Vitamin E (mixed tocopherol): Take 200-400 IU a day to help prevent miscarriages.

****NOTE- Discontinue 1-2 weeks before delivery due to a mild blood-thinning effect.

Omega-3 Fatty Acids: Take 1-2 grams per day from fish oil or high lignan flax oil.

This is critical for proper brain, eye, and nervous system development in utero. Moms pass large amounts to their babies during this time, and deficiencies for her can lead to postpartum depression. Also, any reserve she has is continuously depleted with each child born.

Especially needed the last trimester and 12 weeks after birth. This is when DHA demands are high for proper brain development.

Omega-3 fatty acids increases a child’s immune system and reduces risk of allergies in infants.

Choline: Take 200-500 mg a day to support neurological health and fetal brain development.

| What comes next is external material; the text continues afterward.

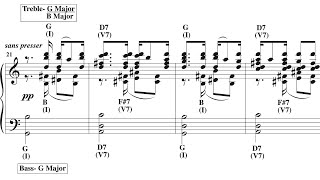 A Look At Polytonality Milhaud Saudades Do Brazil quotCopacabanaquot [upl. by Griffis]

Probiotics: Take 1 billion CFU or more. Studies found that women who supplement with Lactobacillus GG during pregnancy and while breast-feeding can lower the risk of the child developing eczema.

Vitamin B6: Taking 10- 25 mg three times a day can help relieve nausea and vomiting. Women taking birth control during months prior to pregnancy may be at risk of B6 deficiency.

Vitamin C with Bioflavonoids: Take 500-1,000 mg a day.

Low intakes of vitamin C before and during pregnancy increase the risk of preeclampsia.

Low levels of bioflavonoids are implicated in recurrent miscarriages.

Vitamin C helps with vein and capillary strength, strengthens blood vessels of uterine wall, and tones skin elasticity.

Other considerations:

Herbs: A variety of herbs can be used for numerous issues one may encounter during pregnancy. Make sure the herbs are “class 1” (safe for use during pregnancy) according to the Botanical Safety Handbook of the American Herbal Products Association. Also some herbs have the potential for causing miscarriages or other serious problems; therefore, one should consult with an experienced and knowledgeable practitioner for their proper usage. A safe example is taking ginger for nausea.

Homeopathic remedies:
These will vary depending on the issue. An example is taking Ipecac, Nux vomica, or Nat mur for morning sickness.

Aromatherapy: certain essential oils are safe topically. Safe examples are lavender and chamomile for nausea or fennel and anise for heartburn.

Light yoga
or Pilates

***Please be sure to consult with a qualified practitioner (Ob-Gyn or midwife) who will work with you to set up an appropriate individualized plan pertaining to your specific challenges and health concerns.